UMass Boston professor leads research team studying challenges, opportunities for female entrepreneurs
While women have made gains in business ownership, they face barriers related to funding and accessing growth capital, according to a team of researchers from the University of Massachusetts Boston, University of Pennsylvania, and University of North Carolina Asheville.
Led by UMass Boston Professor of Management Banu Ozkazanc-Pan, researchers spent the past year studying the regional entrepreneurial ecosystems in St. Louis, Missouri, and Boston, Massachusetts, focused on understanding the opportunities and challenges for women entrepreneurs in each respective city and region.
Researchers interviewed close to 190 individuals, who included entrepreneurs, investors, and leadership at various incubators, accelerators, networking groups, and educational platforms. These findings are available in a newly released report.
“Our research is both timely and important in terms of understanding why certain inclusion efforts in ecosystems may lead to success while other efforts lead to continued exclusion for women entrepreneurs,” Ozkazanc-Pan said.
In St. Louis, the team found that women entrepreneurs represent close to 45 percent of all business owners compared to 33 percent in Boston, based on 2012 Census data. One of the contributing factors to the rapid rise in the number of women-owned businesses in St. Louis is the cohesive nature of the ecosystem fueled by grassroots efforts of prominent male entrepreneurs and women-focused entrepreneurship support organizations. Their efforts to make St. Louis a great place for entrepreneurship have also resulted in the mainstreaming of gender as important for the growth of the ecosystem. Despite these developments, women face challenges related to scaling their businesses. New, bold efforts including Brazen and the St. Louis Equity in Entrepreneurship Collective are tackling these and other issues with the aim of overcoming all barriers for underrepresented entrepreneurs.
In Boston, the fragmented nature of the ecosystem means women entrepreneurs still face challenges related to scaling their businesses and accessing valuable resources and networks. Groups such as SheStarts, BREAD, Innovation Women, and Accelerate Boston are making strides to address these issues and close the gender and race gap in entrepreneurship. Concurrently, accelerators can also contribute to these efforts through effective outreach to women and minorities and releasing diversity metrics. Investors can also play a prominent role in making Boston the best city for entrepreneurship by funding more women-led ventures.

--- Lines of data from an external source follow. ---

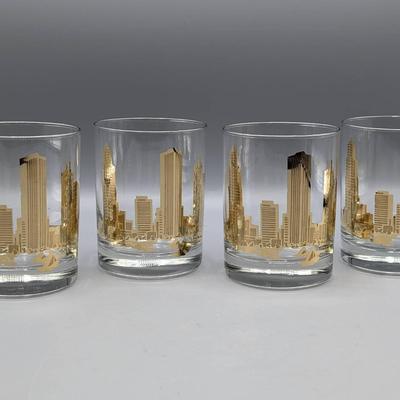 Marshall Fields Chicago Skyline Old Fashioned Glasses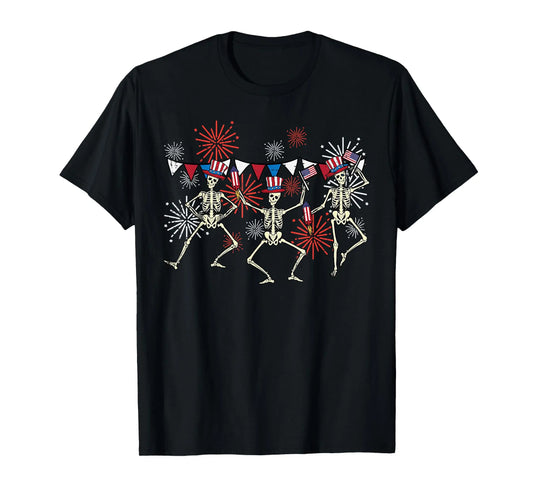 4th Of July Dancing Skeletons Funny Patriotic Men Women Kids T-Shirt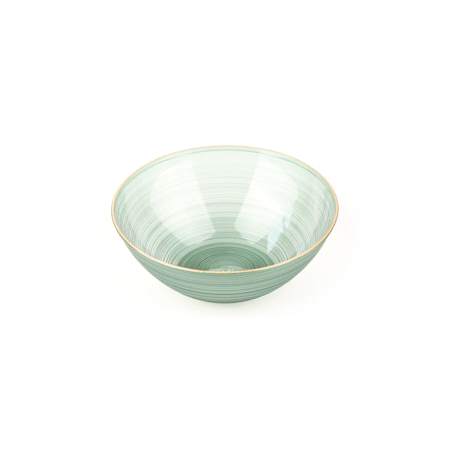 Moderna 16 oz Round Green Translucent Plastic Gold-Rimmed Bowl - Rippled - 5 1/2" x 5 1/2" x 2" - 20 count box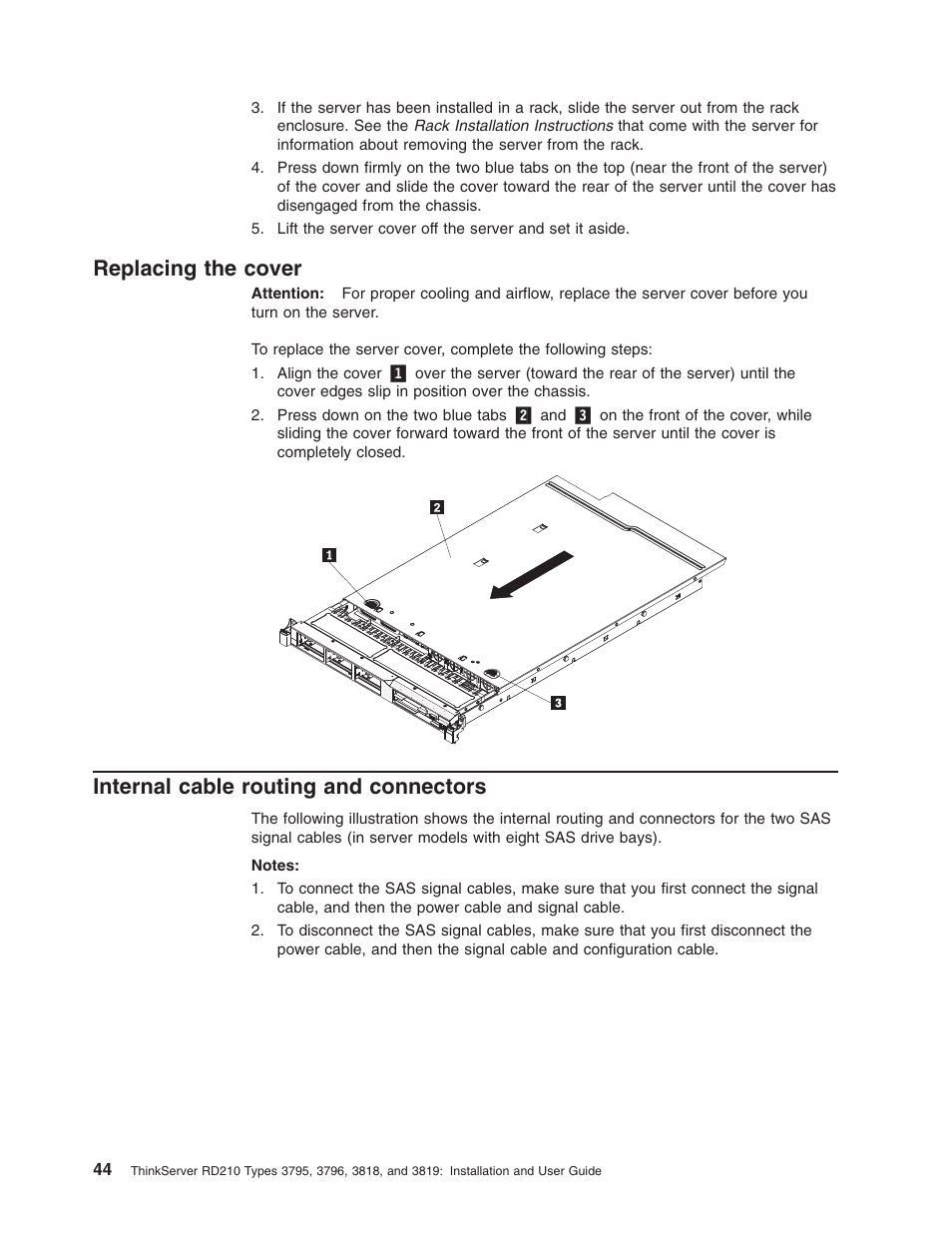 Replacing the cover, Internal cable routing and connectors, Replacing | Cover, Internal, Cable, Routing, Connectors | Lenovo RD210 User Manual | Page 60 / 204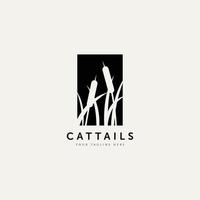 cattails plant silhouette logo vector illustration design template. minimalist simple logo concept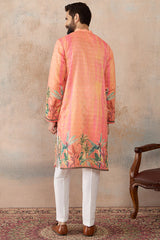 Orange Silk Blend Ethnic Motifs Printed Straight Kurta MKU2369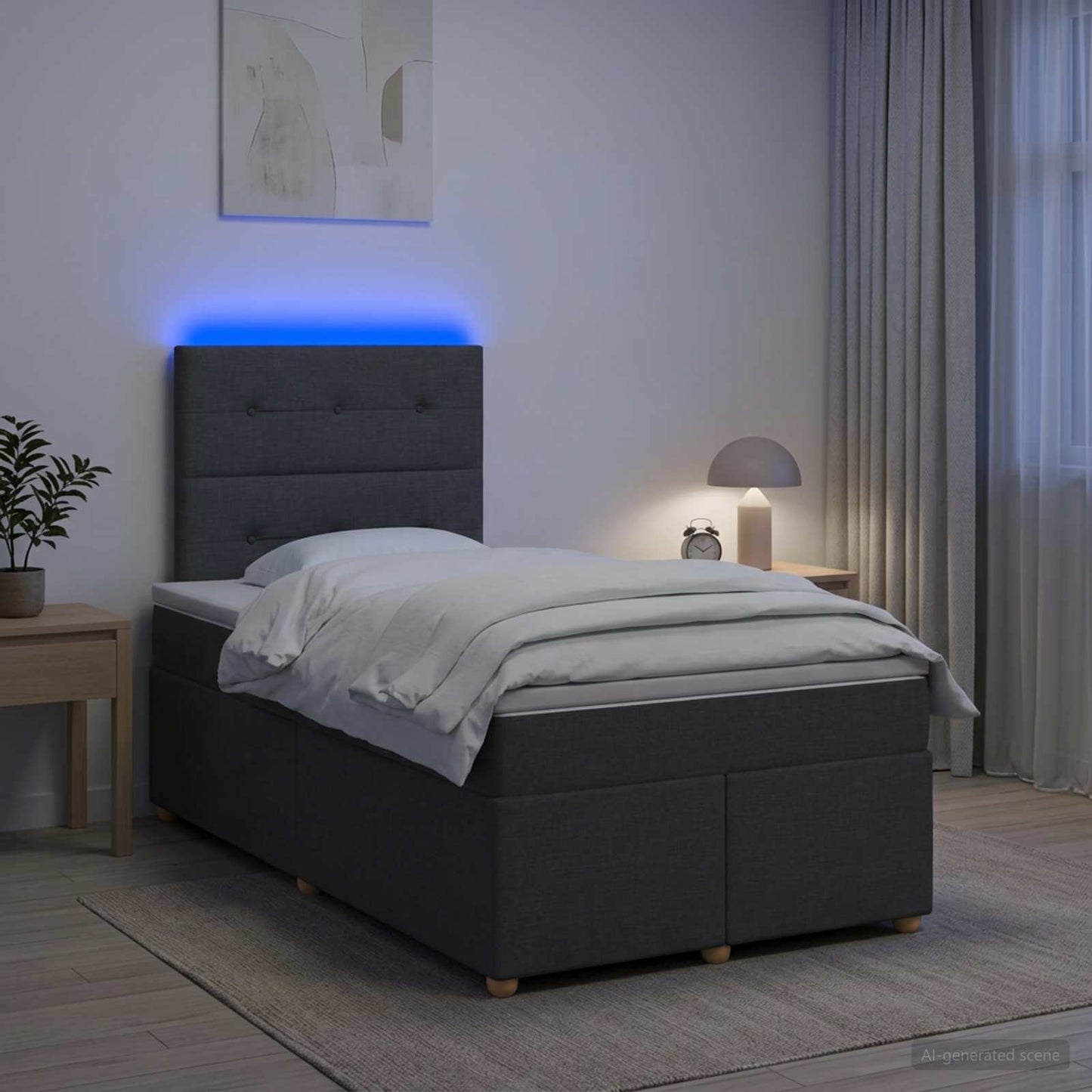 vidaXL Κρεβάτι box spring με στρώμα Σκούρο Γκρι 120 x 190 cm Ύφασμα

One of the highlights of the report includes discussion of the pioneering efforts of the City of Boston and their Women Entrepreneurs Boston (WE BOS) program that was launched by Mayor Marty Walsh in 2015 and advances women entrepreneurs by connecting them to the resources and networks they need to start and grow their businesses. Led by Kara Miller, WE BOS is a national leader in efforts to support and grow women-led businesses, and has contributed to discussions led by the National Women’s Business Council on building inclusive ecosystems.
"We are committed to making our startup ecosystem here in Boston more inclusive of women. Thirty-five percent of Boston businesses are women-led, and they generate $3.3 billion in revenue, yet the startup community has been traditionally male dominated," Mayor Walsh said. "Women Entrepreneurs Boston (WE BOS) has and will continue to empower women to create and grow their own successful businesses. Together, we will prioritize increasing economic opportunity for all of our women entrepreneurs."
With these growing efforts, the report finds that Boston is poised to become a leader in the nation for building an inclusive entrepreneurship ecosystem and supporting economic development across the city.